One of those was dumpakht, a nut-fragrant and creamy chicken curry with a piece of dough stretched across the top, pie-like, to seal in the flavors. Other unique recipes include a whole-wheat paratha stuffed with juicy chicken liver masala, and a chana saag made with real saag — fresh mustard greens. Seating is on two levels in the well-decorated space, while a glassed-in tandoori oven at the end of the room provides entertainment. Sidewalk seating available. 100 2nd Ave, 212-982-0533

[Top:saag paneer and tandoori chicken from Curry in a Hurry; bottom: a main course at Vatan; chicken lajawab from Jackson Diner.]

Here Are Five More

Ghandi (283 Bleecker St, 212-645-1456) — This Bleecker Street classic looks far older than its 17 years — in fact it might have been transplanted from the East Village's Little India. Along with a Bangladeshi bent, the menu flaunts the London-adapted style of Indian cooking sometimes known as Balti, including such selections as phaal and balti (the tomatoey dish that inspired the cuisine).
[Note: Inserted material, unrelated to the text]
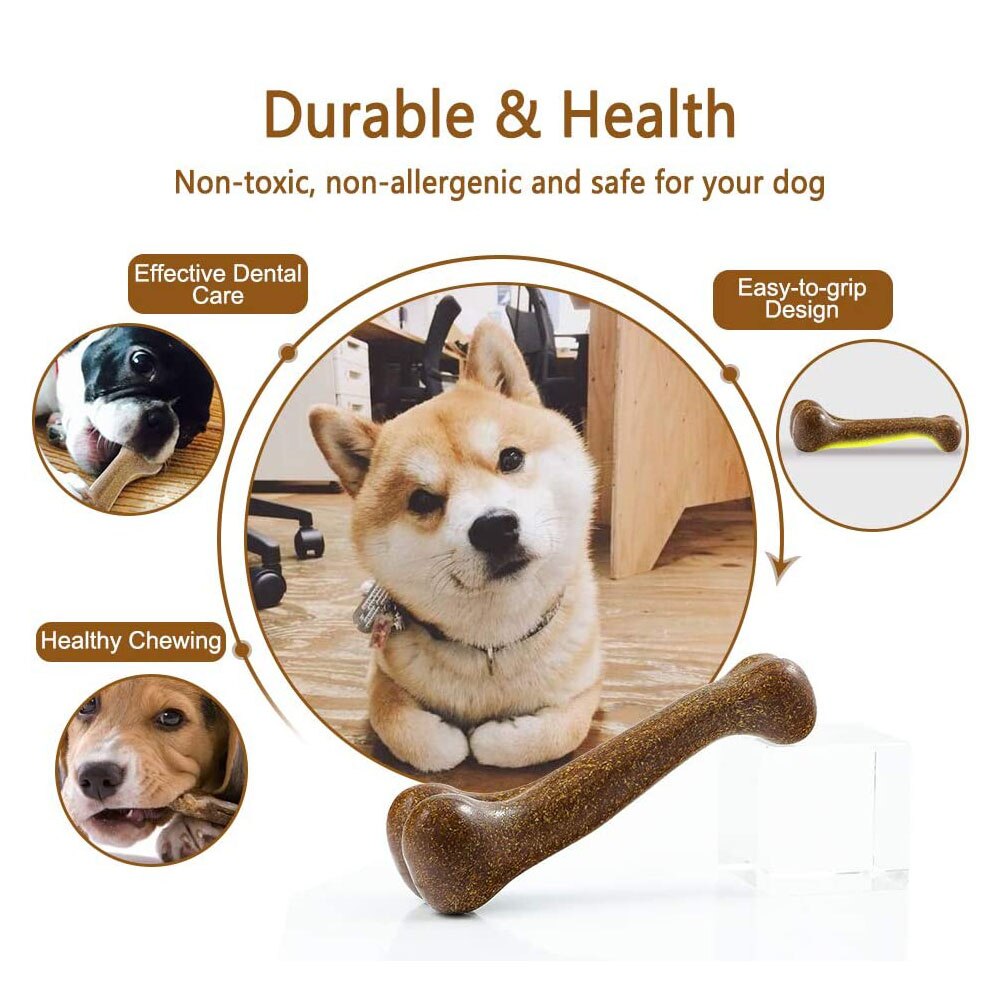 Durable Beef-Flavoured Dog Chew Toy | Available in Beige and Brown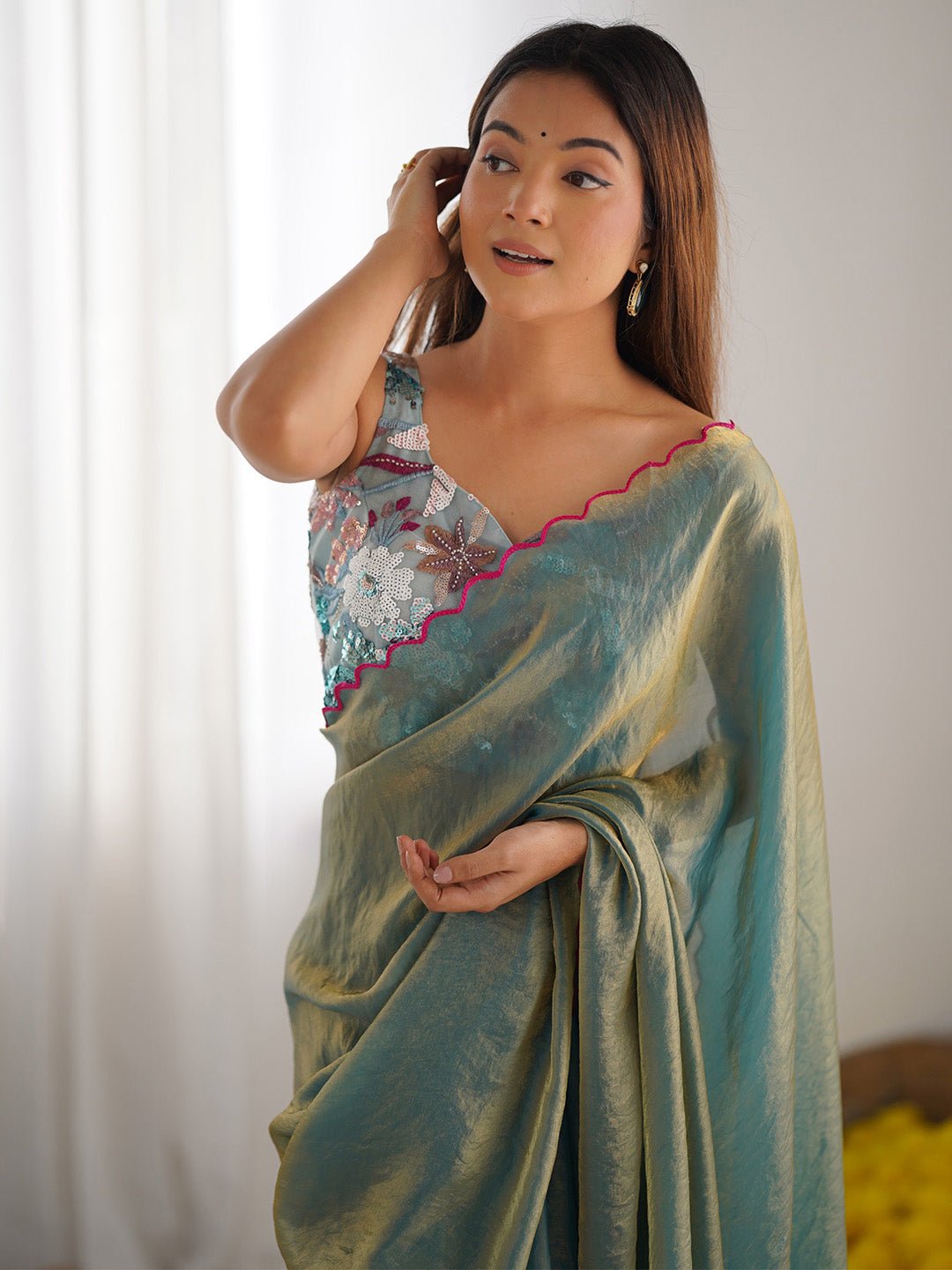 Sea Green Tissue Silk Scalloped Border Designer Blouse Saree - Ressa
Lit with flickering candles, the dark dining room is decorated with British soccer-club pennants.

Haandi (113 Lexington Ave, 212-685-5200) — While the dishes at this Curry Hill stalwart (founded 2001) hail from the Pakistani side of the border, the food is still resolutely Punjabi. Thus you may find tandoori roast quails being displayed on the high counter; lots of characteristic vegetables such as loofah, snake gourd, and bitter melon on the steam table; and indeed more vegetarian fare than you might have expected. Dine upstairs, rather than down at this excellent spot.

5 Star Diner (13-15 43rd Ave, Queens, 718-784-7444) — Just like the Jackson Diner, 5 Star started out as a diner, taken over by the current proprietors around 1995 to fulfill the culinary needs of workers in the auto body shops and taxi garages in the vicinity. The undulating eaves, vaulted ceiling, and handsome dining room of the old diner remain intact. Go for the citrus-scented biryanis or anything made with goat. Cocktails available.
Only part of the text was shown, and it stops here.